Farm Progress

COTTON SPIN: Cotton’s roller coaster ride…

In the long run, the impact of Chinese tariffs may be more of a reshuffling of U.S. cotton exports, rather than a reduction

John Robinson 1

June 22, 2018

3 Min Read

Last month I wrote a column entitled “New crop cotton futures in the 80s.”  As of this writing, that title is still accurate. But the intervening 30 days have been one wild ride! 

ICE (Intercontinental Exchange) futures surged into the 90s, consolidated there, and then plunged back to the mid-80s (Figure 1, green line). There have been many apparent influences on the market, which is to say influences on the hedge fund speculators holding long cotton futures positions. 

The rise and fall of ICE cotton futures has mostly followed the Chinese cotton market (Figure 1, blue line).
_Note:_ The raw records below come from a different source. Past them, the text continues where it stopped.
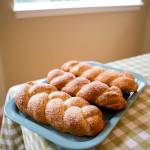 Fresh cardamom bread is seen at Joyce Sieben&rsquo;s home in Bothell. (Ian Terry / The Herald)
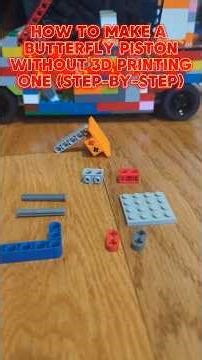 how to make a butterfly piston without 3d-printing #legovacuumengine
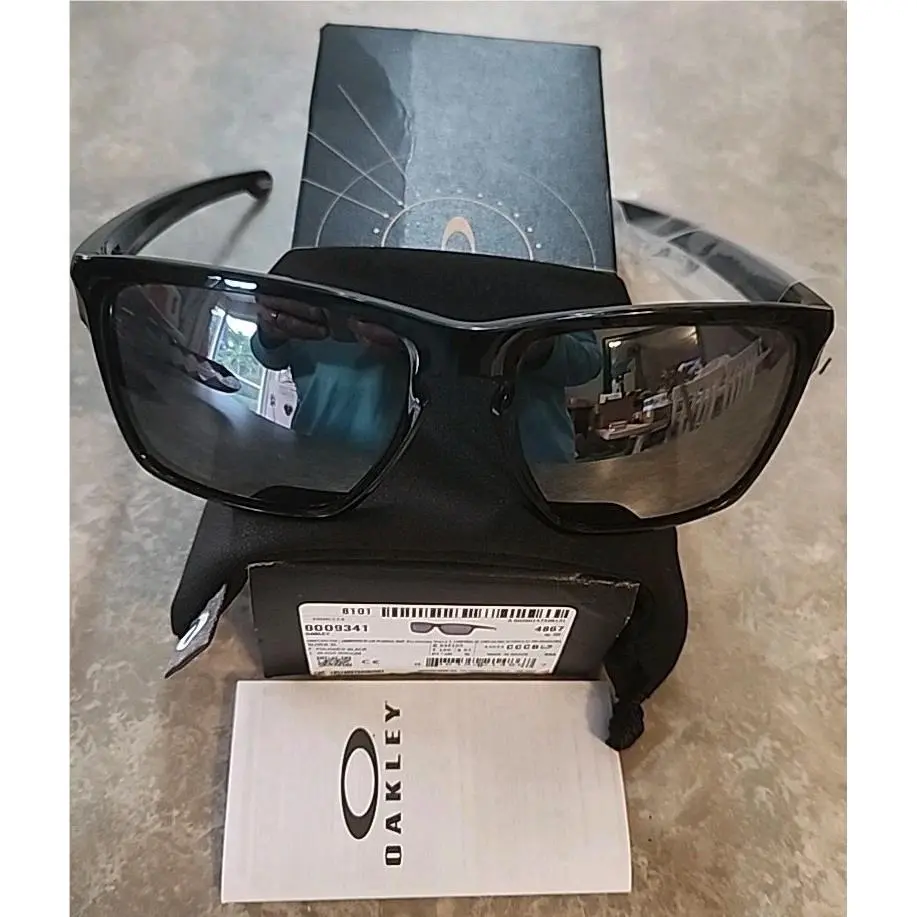Mens Sliver XL Sunglasses Polished Black Iridium o009341 4867 by Oakley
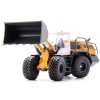 Liebherr L556 Wheel Loader Yellow with White Cabin 1/50 Diecast Model by Siku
At mid-May, the initial rise in the Chinese cotton market was attributed to bad weather in Xinjiang Province, bullish state reserve auction policy, and speculative buying on rising expectations of more Chinese imports. 

The week before the Memorial Day holiday saw another round of U.S. cotton futures chasing the Chinese cotton market higher. Fundamental news in the U.S. focused on hot, dry weather in the Southern Plains region as growers ran up against crop insurance planting deadlines.

The holiday-shortened week of May 29-June 2 saw more of the same, with limit up moves in Chinese cotton futures and ICE futures, which vaulted over 90 cents. The next two weeks saw prices slip and gyrate around 90 cents. The expansion in hedge fund net longs that lifted prices to these levels appeared to level off and shrink slightly by June 12.

 

A MAJOR IMPORTER

June 14 saw official Chinese announcements confirming an expansion of duty-favored import quota. By raising the allowed amount of 1 percent tariff cotton from the minimum 4.1 million bales to 7.8 million bales, it signaled a return of China as a major importer. However, that confirmation did not seem to matter to the market. 

June 15 saw China again announce 25 percent tariffs on U.S. cotton, this time to be implemented within a couple of weeks. An earlier threat of Chinese tariffs on U.S. cotton, circa April 4, would have had a much later date of implementation. Whenever they are implemented, it means that U.S. cotton imports will be more expensive than cotton from competitors like Australia or Brazil. 

In the long run, I would expect the impact of Chinese tariffs to be more of a reshuffling of U.S. cotton exports, rather than a reduction. Countries like Vietnam, Indonesia, Bangladesh, Pakistan, and India might import more U.S. cotton than they previously would have, spin it into yarn, and ship that yarn to China duty-free.

 

SCARED SPECULATORS

However, the short run effect of the June 15 China tariff announcement was to apparently scare a lot of hedge fund speculators out of their long positions in ICE futures. Hence, the sharp fall from the 90s back to the 80s. 

It probably didn’t help the speculators that the drought-stricken Southern Plains region received several rounds of scattered showers during the first two weeks of June. 

So now what?  If you hedged some expected production when ICE futures were in the 90s, that was a reasonable move. 

If you can hedge some expected production now that ICE futures are back in the mid-to-lower 80s, that is also a reasonable move. I define reasonable as hedging a price floor above your costs of production, while keeping the upside open.